**INFORMATION PROVIDED:**

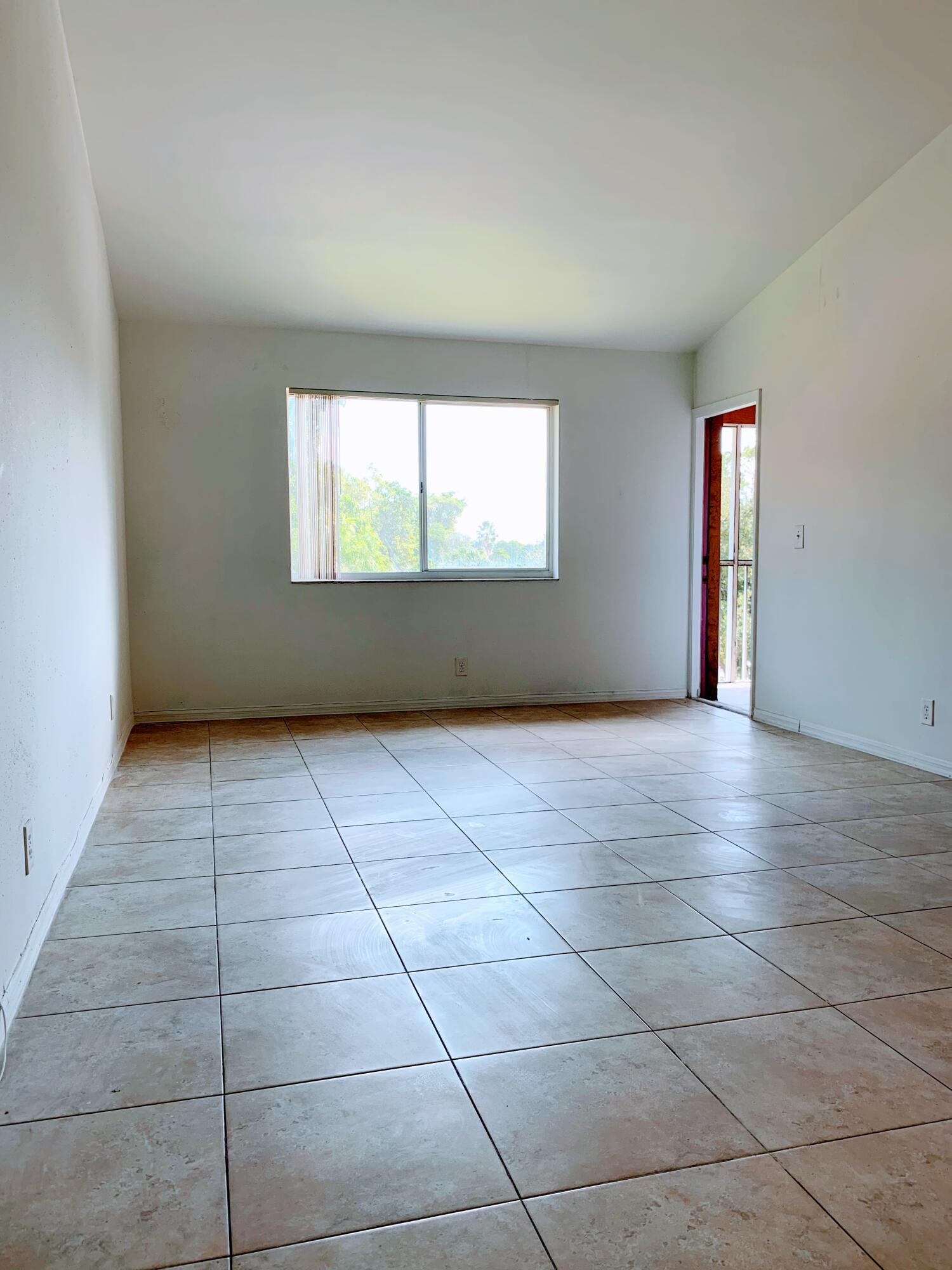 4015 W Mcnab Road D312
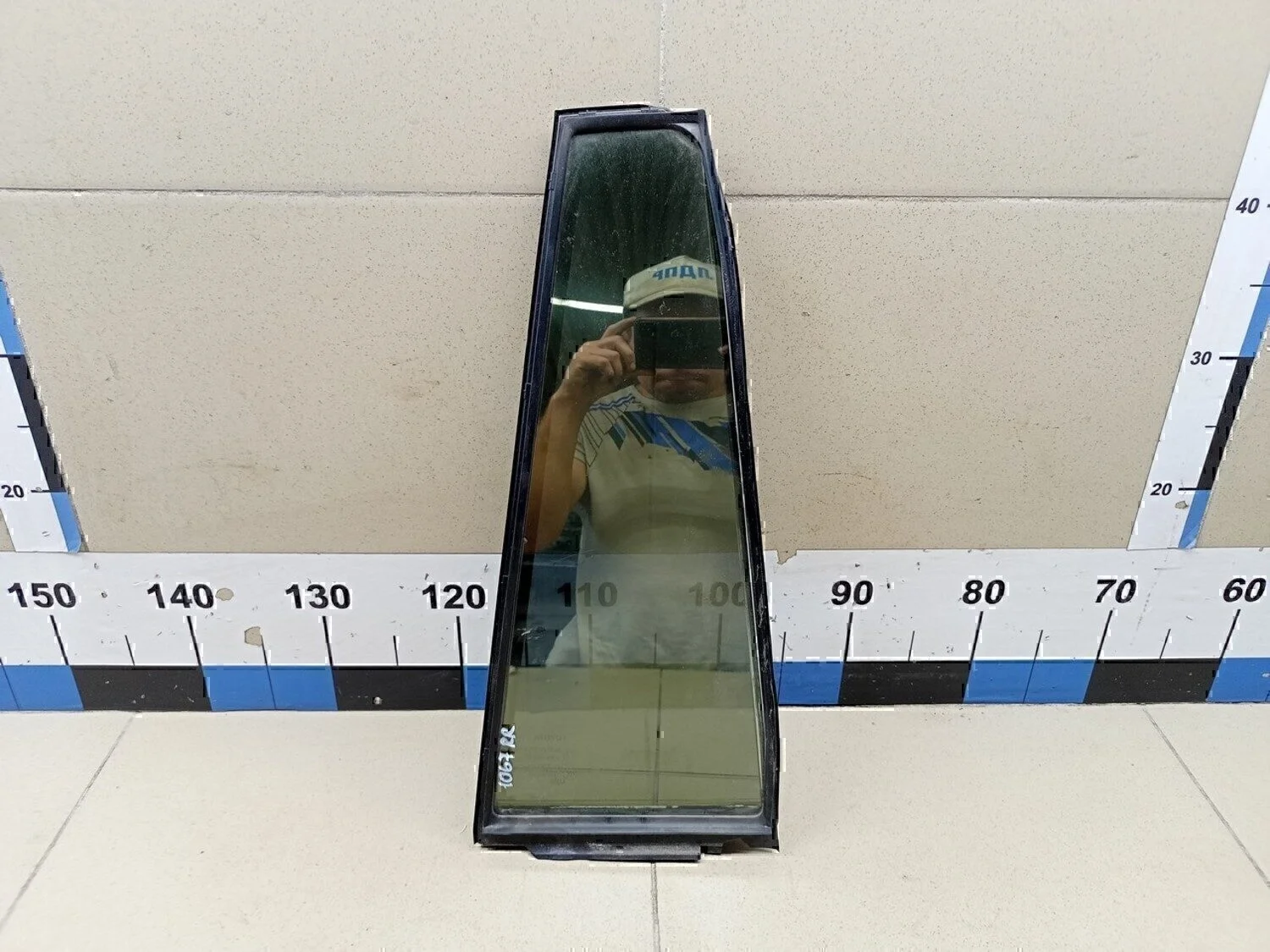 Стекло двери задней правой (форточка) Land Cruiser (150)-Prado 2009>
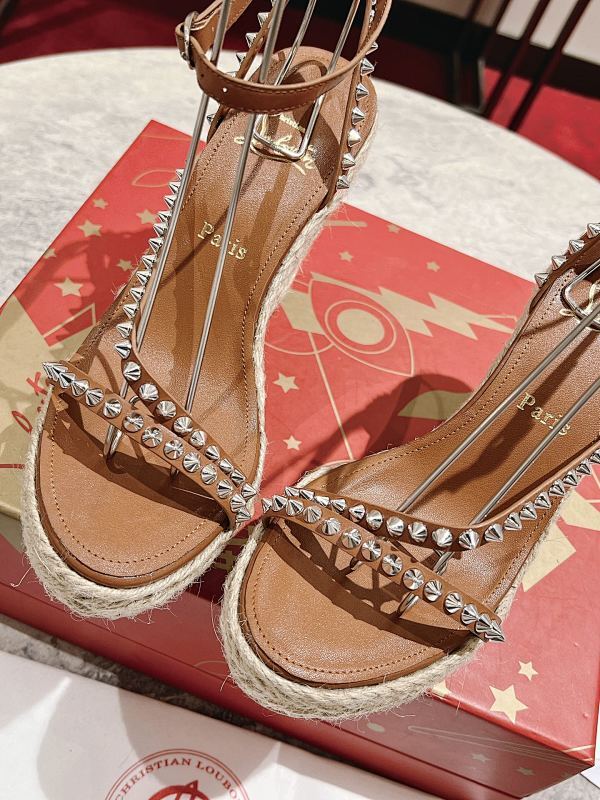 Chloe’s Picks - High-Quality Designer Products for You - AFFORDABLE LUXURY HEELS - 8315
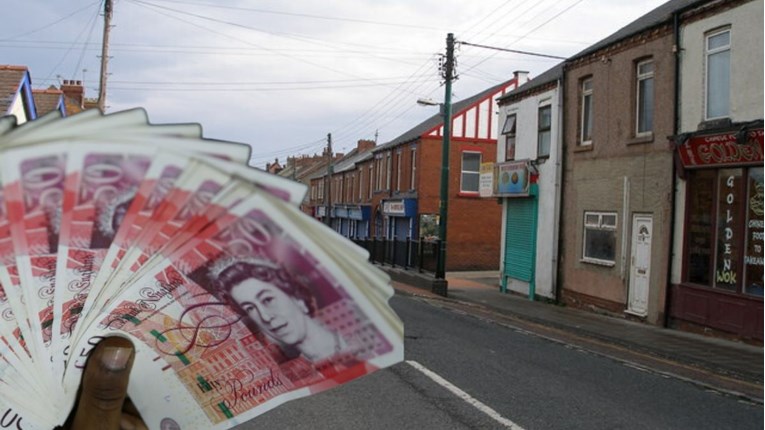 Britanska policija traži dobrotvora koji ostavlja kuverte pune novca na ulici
...
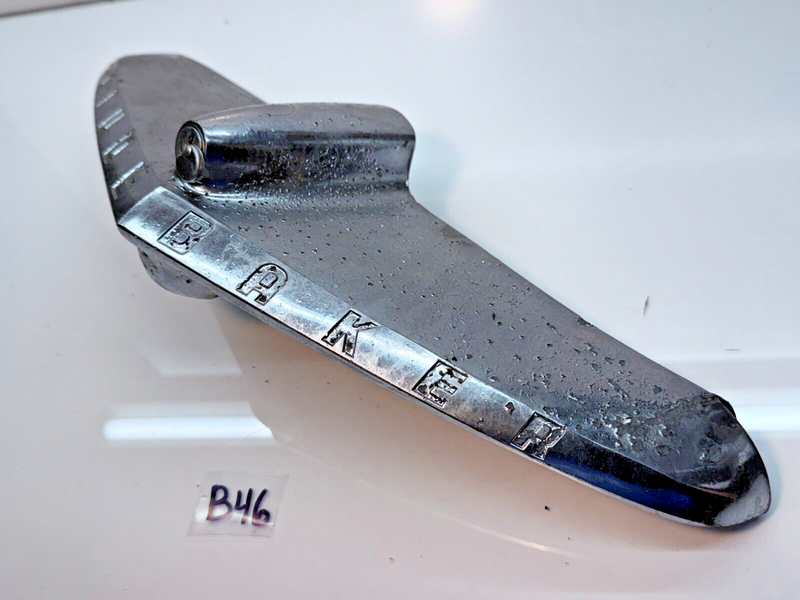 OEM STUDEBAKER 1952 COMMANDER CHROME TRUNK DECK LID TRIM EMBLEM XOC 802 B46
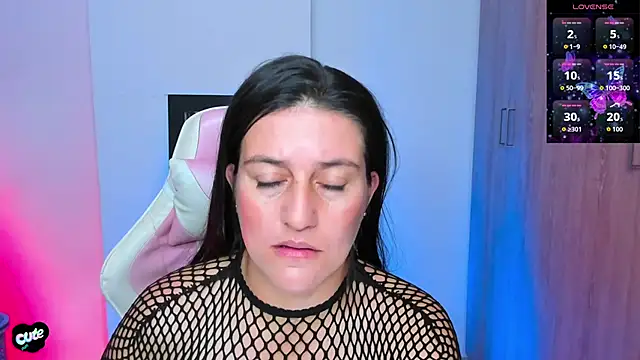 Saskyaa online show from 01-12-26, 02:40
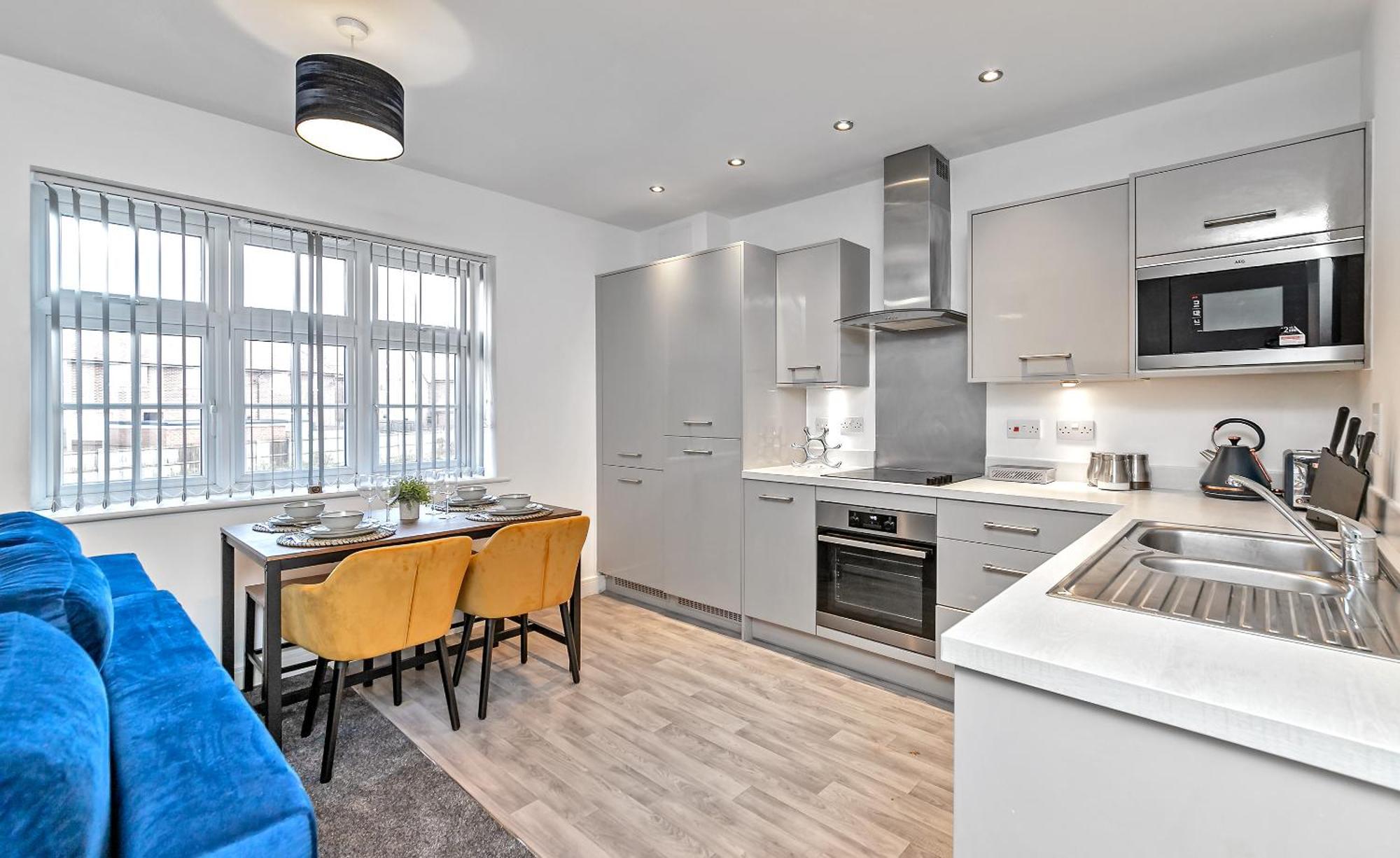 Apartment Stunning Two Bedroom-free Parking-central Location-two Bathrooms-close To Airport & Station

**WHAT TO WORK ON:** Working from the entries above, please transcribe only the lines from the line with "Saskyaa online show from 01-12-26, 02:40" through the line with "Apartment Stunning Two", exactly, with both end lines and without pictures.

**EXERCISE RESULT:**
 Saskyaa online show from 01-12-26, 02:40
 Apartment Stunning Two Bedroom-free Parking-central Location-two Bathrooms-close To Airport & Station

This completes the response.